Gatlin changed his medication and has since had a trouble-free ride to the pinnacle of his sport, although his coach, Trevor Graham, was a pivotal figure in the Balco scandal in 2003, when the steroid-pedalling activities of the Bay Area Laboratory Co-Operative led to Tim Montgomery, one of his former athletes, being stripped of the 9.78sec 100m world record he set in Paris in 2002.
Graham was revealed as the "mystery coach" who launched the whole inquiry by sending a syringe containing the hitherto unknown and undetectable "designer" steroid tetrahydrogestrinone (THG) to the US Anti-Doping Agency. In the investigation that followed, Graham was accused of supplying illegal performance-enhancing drugs to his training group, which also formerly included Marion Jones - claims that the Jamaican and his lawyer strenuously denied.

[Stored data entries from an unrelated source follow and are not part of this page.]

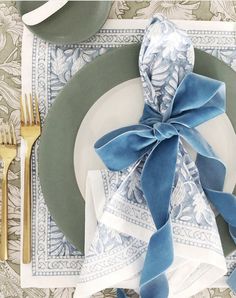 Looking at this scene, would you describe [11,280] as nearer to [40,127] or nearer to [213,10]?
[40,127]

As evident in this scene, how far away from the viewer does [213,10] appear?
646 millimetres

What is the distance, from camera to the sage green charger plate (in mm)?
608

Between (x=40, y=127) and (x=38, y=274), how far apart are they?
18 cm

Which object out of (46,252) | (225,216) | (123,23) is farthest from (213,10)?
(46,252)

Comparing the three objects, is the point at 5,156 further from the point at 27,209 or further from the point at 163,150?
the point at 163,150

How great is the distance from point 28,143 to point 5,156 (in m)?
0.03

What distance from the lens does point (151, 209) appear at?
58 cm

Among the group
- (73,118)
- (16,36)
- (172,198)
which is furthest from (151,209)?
(16,36)

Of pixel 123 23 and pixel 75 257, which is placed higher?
pixel 123 23

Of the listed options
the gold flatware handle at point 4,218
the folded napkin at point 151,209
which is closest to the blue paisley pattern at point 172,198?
the folded napkin at point 151,209

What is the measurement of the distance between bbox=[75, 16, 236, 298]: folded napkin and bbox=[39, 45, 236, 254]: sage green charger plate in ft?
0.06

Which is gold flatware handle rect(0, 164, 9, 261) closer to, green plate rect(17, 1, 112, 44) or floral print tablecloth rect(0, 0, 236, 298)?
floral print tablecloth rect(0, 0, 236, 298)

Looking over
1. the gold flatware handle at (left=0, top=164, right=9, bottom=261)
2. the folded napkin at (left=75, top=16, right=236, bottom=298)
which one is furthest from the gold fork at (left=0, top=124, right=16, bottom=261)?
the folded napkin at (left=75, top=16, right=236, bottom=298)

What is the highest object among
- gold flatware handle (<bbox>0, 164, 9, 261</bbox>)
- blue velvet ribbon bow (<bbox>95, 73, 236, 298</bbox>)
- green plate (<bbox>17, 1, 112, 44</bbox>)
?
green plate (<bbox>17, 1, 112, 44</bbox>) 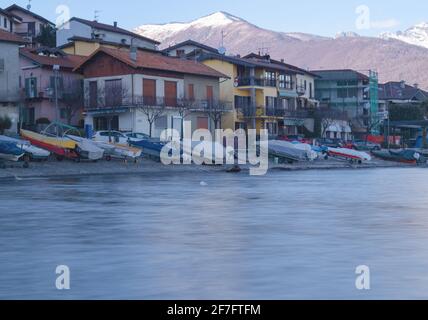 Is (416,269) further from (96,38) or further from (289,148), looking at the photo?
(96,38)

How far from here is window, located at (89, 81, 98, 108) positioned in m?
63.7

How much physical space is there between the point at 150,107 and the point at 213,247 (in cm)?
5101

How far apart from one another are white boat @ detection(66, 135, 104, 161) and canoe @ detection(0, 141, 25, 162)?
14.0ft

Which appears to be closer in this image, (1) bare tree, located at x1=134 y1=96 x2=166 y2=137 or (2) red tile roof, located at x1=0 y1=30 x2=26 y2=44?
(2) red tile roof, located at x1=0 y1=30 x2=26 y2=44

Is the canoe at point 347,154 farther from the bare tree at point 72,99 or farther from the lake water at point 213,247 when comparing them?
the lake water at point 213,247

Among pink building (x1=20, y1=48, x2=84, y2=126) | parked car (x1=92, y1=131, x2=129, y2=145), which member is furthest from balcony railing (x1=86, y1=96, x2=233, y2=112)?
parked car (x1=92, y1=131, x2=129, y2=145)

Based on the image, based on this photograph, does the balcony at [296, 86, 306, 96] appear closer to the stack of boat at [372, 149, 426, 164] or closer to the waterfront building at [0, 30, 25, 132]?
the stack of boat at [372, 149, 426, 164]

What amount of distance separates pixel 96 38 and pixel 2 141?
46207 millimetres

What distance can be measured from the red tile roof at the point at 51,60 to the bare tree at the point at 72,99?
213 centimetres

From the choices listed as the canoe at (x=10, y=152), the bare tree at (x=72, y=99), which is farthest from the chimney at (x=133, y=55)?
the canoe at (x=10, y=152)

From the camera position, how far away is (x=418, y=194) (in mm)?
25109

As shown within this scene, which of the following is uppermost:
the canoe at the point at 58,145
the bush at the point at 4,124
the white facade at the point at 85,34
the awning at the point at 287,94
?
the white facade at the point at 85,34

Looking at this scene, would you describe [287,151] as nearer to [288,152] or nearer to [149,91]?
[288,152]

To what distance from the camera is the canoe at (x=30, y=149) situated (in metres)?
39.4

Gatlin, now 24, trains with Graham's stable of sprinters at Raleigh, North Carolina. He returns home to compete in the Prefontaine Classic at Eugene on 28 May and in the Reebok Grand Prix in New York on 2 June before facing his first test on the 2006 European circuit in the Norwich Union British Grand Prix at Gateshead on 11 June.
On Tyneside his opponents will include Asafa Powell, the Jamaican whose 9.77sec he has now removed from the world record book. Their head-to-head record stands at 6-3 in Gatlin's favour.